Meno convinto si è dichiarato Roberto Perrotti, economista con docenza alla Bocconi di Milano, che ha definito il Recovery Fund “una polpetta avvelenata”. Tre le ragioni: l’elevato debito pubblico italiano con l’impossibilità di restituire il prestito europeo, la bassa capacità di spesa dell’Italia e l’inefficienza della pubblica amministrazione. “Partiremo con un debito pubblico pari al 170% del Pil – ha sottolineato l’economista -. Anche ammesso che questi finanziamenti riescano a farci raddoppiare la crescita, il debito pubblico, conseguenza dei soldi prestati, arriverà nei prossimi anni anche per colpa della pandemia, al 20% del Pil. Nella precedente crisi finanziaria, che rischiò di metterci fuori dalla Comunità europea, l’Italia aveva un debito pubblico del 120% rispetto al Pil. Basterà quindi poco per essere fuori dall’Europa”. Quanto alla scarsa capacità di spesa, Perrotti ha tagliato corto: “L’Italia ha perso da tempo la capacità di investire in progetti concreti e misurabili. Oltre 200 miliardi di euro sono poco meno di un terzo della spesa totale italiana. Nessuna azienda al mondo può aumentare nel giro di tre anni la spesa, pari ad un terzo del proprio capitale, senza produrre inefficienze. L’Italia ha una delle pubbliche amministrazioni più inefficienti e difficilmente riuscirà a capitalizzare e a rinnovarsi”.

Quanto al Mes, il ministro Amendola ha manifestato fiducia che si giunga a una soluzione condivisa: “Al di là delle posizioni singole, noi dobbiamo risolvere le strozzature e favorire gli investimenti, ma anche portare avanti le riforme, e tra queste ricordo il dissesto idrogeologico, oltre a giustizia e pubblica amministrazione. L’Italia spende oggi per le emergenze dai 7 ai 9 miliardi di euro e questi sono soldi che andranno in futuro su altri capitoli di spesa. Quello che l’Europa ci chiede è la fotografia di quello di cui abbiamo bisogno”.

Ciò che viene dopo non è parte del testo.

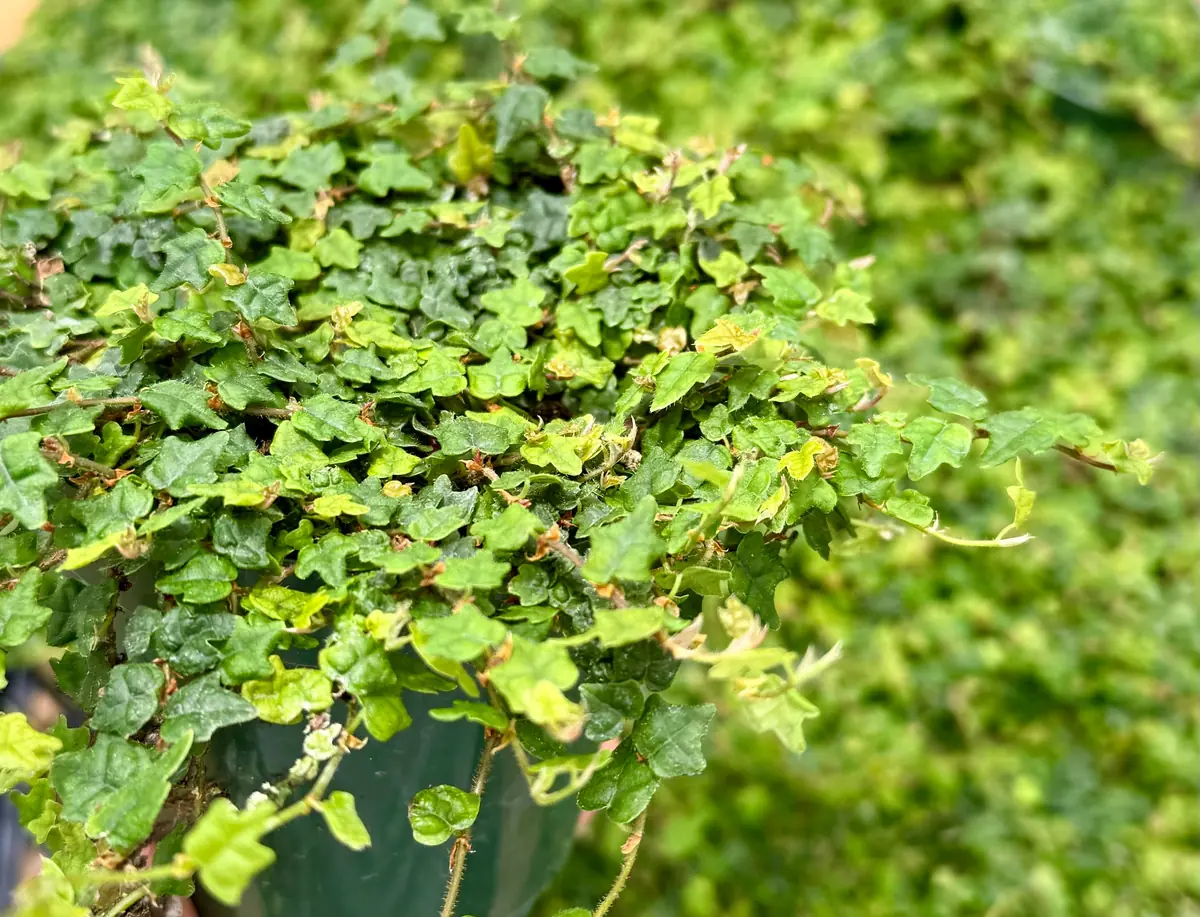 String of Frogs Ficus Pumila Quercifolia Live Plant - Rare Houseplant 2.5"-4" Pot - Image 1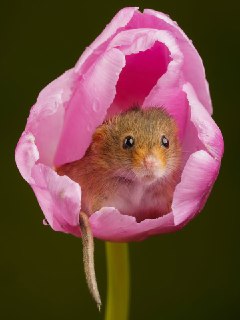 Иллюстрация 2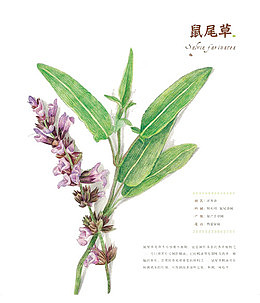手绘花卉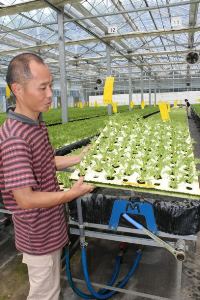 会社が運営する農場で、レタスの成長を確認する奥野祥弘さん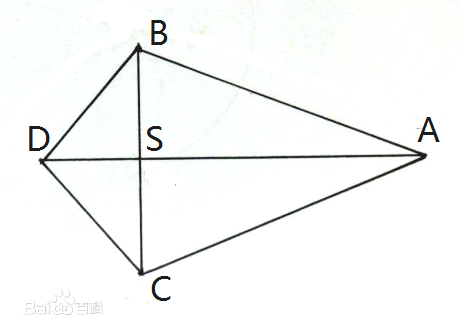 纺锤形是什么样子的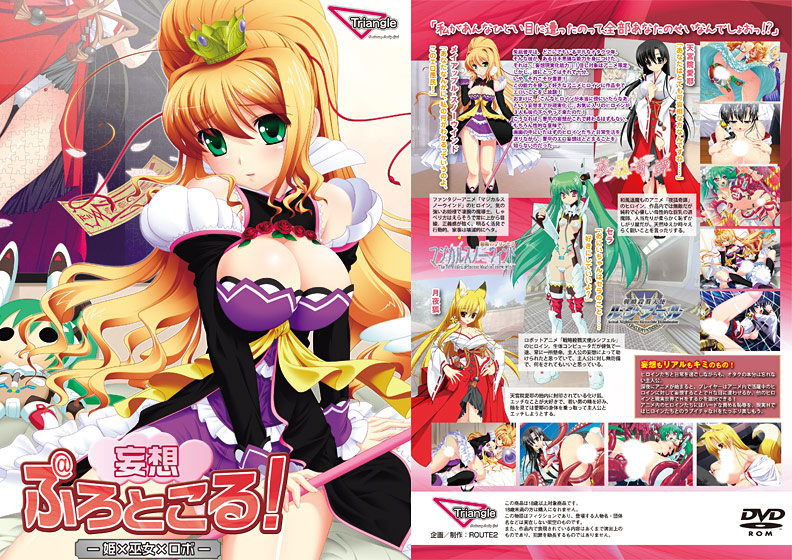 妄想ぷろとこる!-姫×巫女×ロボ-のタイトル画像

Sul futuro finanziario dell’Italia è ritornato ancora Perrotti: “Nel breve periodo non succederà niente ma i costi li pagheremo nel medio periodo quando vedremo i frutti degli investimenti”. L’economista lombardo ha portato la sua analisi dalla macroeconomia (debito pubblico) alla microeconomia (investimenti pubblici): “L’Italia è indietro, vero, ma passare da zero a 100 non è semplice ed in ogni caso gli investimenti, una volta fatti, bisogna mantenerli e questo all’Italia potrà costare molto. Nelle linee guida dell’Europa non ci sono indicazioni su problematiche concrete, quali la microcriminalità e l’emarginazione, gli anziani o le piccole imprese che non se ne fanno nulla della banda larga”.

Osservazioni non condivise dal ministro Amendola che ha replicato a Perrotti con i piani del ministero che comprendono housing sociale (edilizia abitativa), scuole e i criteri di costruzione dei piani di investimenti: “Nei nostri piani ci saranno progetti e investimenti concreti con tempi e costi certi”.